Source information Block Start

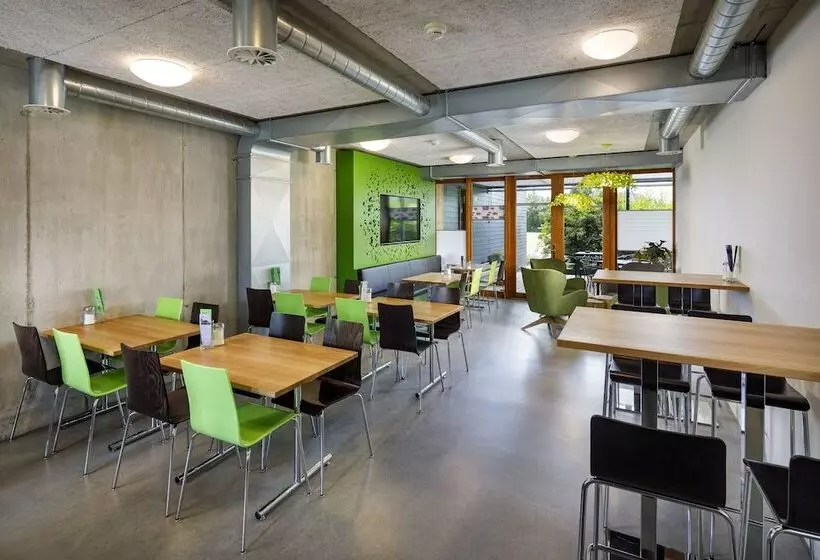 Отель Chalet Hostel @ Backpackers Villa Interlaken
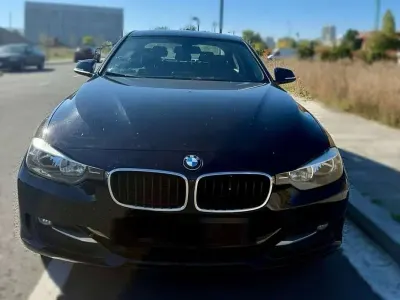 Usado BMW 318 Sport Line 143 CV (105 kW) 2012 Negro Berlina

Source information Block End
Source information Block Start

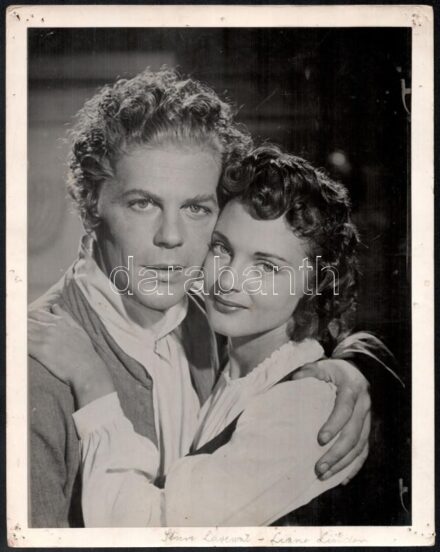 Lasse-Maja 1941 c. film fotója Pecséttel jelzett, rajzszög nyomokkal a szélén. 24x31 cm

Source information Block End
Source information Block Start

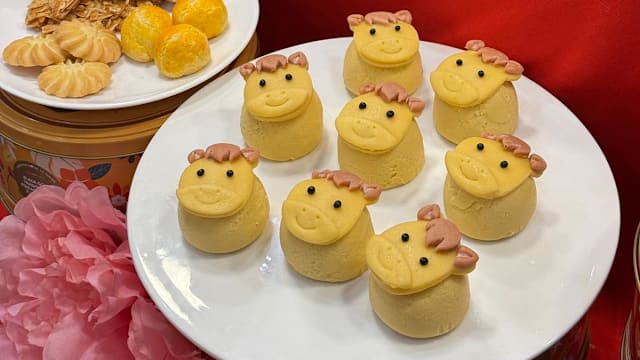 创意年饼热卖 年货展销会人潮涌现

Source information Block End

▶ Task statement
Your reply should consist solely of the lines above from the line containing "Отель Chalet Hostel" up to and including the line containing "Usado BMW 318", reproduced exactly, minus the pictures.

▶ Answer box
 Отель Chalet Hostel @ Backpackers Villa Interlaken
 Usado BMW 318 Sport Line 143 CV (105 kW) 2012 Negro Berlina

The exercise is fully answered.